In late 2012 or 2013, plaintiff, who had been aware since 2007 that Zumaya had been arrested on drug related charges but was unaware of the warrant for his own arrest, (id. ¶ 44-46), applied for a new visa to enter the United States using his true name and address. (Id. ¶ 46.) As part of the application process, he attended a consular interview in Mexico and had his fingerprints taken. (Id.) Because of the "lookout," SA Lee received electronic notification of plaintiff's visa application. (Id. ¶ 55.) Following an inquiry by unidentified federal government employees, referred to in the complaint as among the John Doe defendants, SA Lee confirmed that the warrant for plaintiff's arrest was still active and valid. (Id.) Plaintiff was subsequently issued a visa for the sole purpose of arresting him upon any attempted entry to the United States. (Id. ¶ 56.)

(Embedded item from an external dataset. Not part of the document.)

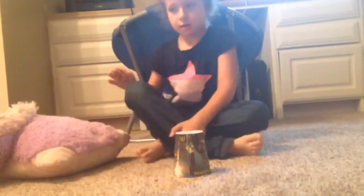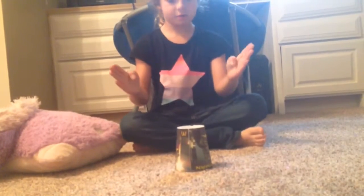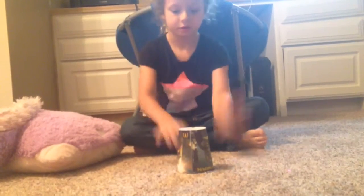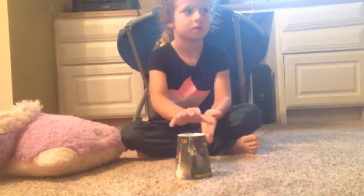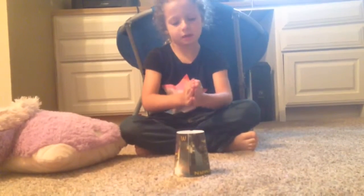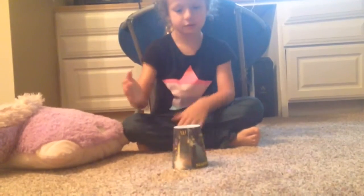Okay, step one. Clap, clap. And then you tap three times. Then you clap again. Now we do this. So let's do it at the beginning.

On March 28, 2013, plaintiff attempted to cross the border into the United States at the McAllen-Reynosa border crossing in McAllen, Texas with his new visa, was arrested, and remained in custody for nearly eight months, until October 18, 2013. (Id. ¶ 57-58.) During this time, plaintiff was in federal custodial facilities in Texas; Oklahoma; Bergen County, New Jersey; and Brooklyn, New York. (Id. ¶ 59.)

In or around March or April of 2013, a grand jury was impaneled in the Southern District of New York and, following presentation of evidence by the defendants, on April 3, 2013, indicted plaintiff on one count of conspiracy to possess cocaine with intent to distribute from October 2006 to May 2007, inviolation of 21 U.S.C. §§ 841(a)(1) and (b)(1)(A). (Id. ¶ 60, 62.) A second grand jury was subsequently impaneled and, on August 4 or 5, 2013,1 issued a superseding indictment against Plaintiff, which stated the dates of the alleged conspiracy as "2006 to 2007." (Id. ¶ 63; see also SDNY M&O at 5 (noting that the only change between the initial and superseding indictments was "that the dates of the alleged conspiracy were expanded from October 2006 to May 2007, to 2006 to 2007").)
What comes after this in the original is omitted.